Compressibility in the Integer Quantum Hall Effect within Hartree-Fock Approximation

TL;DR

This paper investigates the role of electron-electron interactions in the integer quantum Hall effect using Hartree-Fock approximation, aligning theoretical predictions with recent experimental observations of conductance and compressibility.

Contribution

It introduces a Hartree-Fock based model to account for electron interactions in the integer quantum Hall effect, explaining experimental discrepancies.

Findings

Good agreement with experimental conductance data

Electron interactions significantly influence compressibility

Hartree-Fock approximation captures key interaction effects

Abstract

Electron-electron interactions seem to play a surprisingly small role in the description of the integer quantum Hall effect, considering that for just slightly different filling factors the interactions are of utmost importance causing the interaction-mediated fractional quantum Hall effect. However, recent imaging experiments by Cobden et al. and Ilani et al. constitute strong evidence for the importance of electron-electron interactions even in the integer effect.

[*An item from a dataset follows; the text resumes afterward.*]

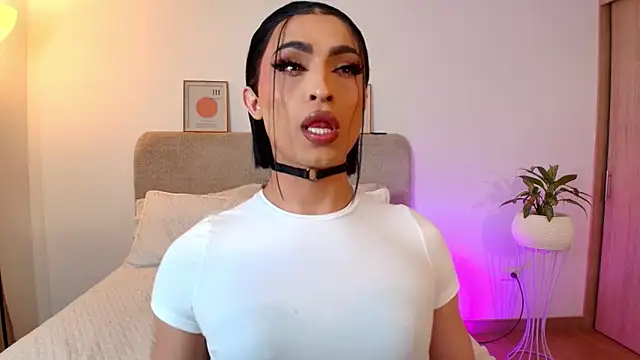 Snapshot of KarolPortellaa chatting on 06-16-26, 12:43 KarolPortellaa online show from 06-16-26, 12:43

The experiments report on measurements of the conductance and electronic compressibility of mesoscopic MOSFET devices that show disagreement with predictions from the single particle model. By diagonalising a random distribution of Gaussian scatterers and treating the interactions in Hartree-Fock approximation we investigate the role of electron-electron interactions for the integer quantum Hall effect and find good agreement with the experimental results.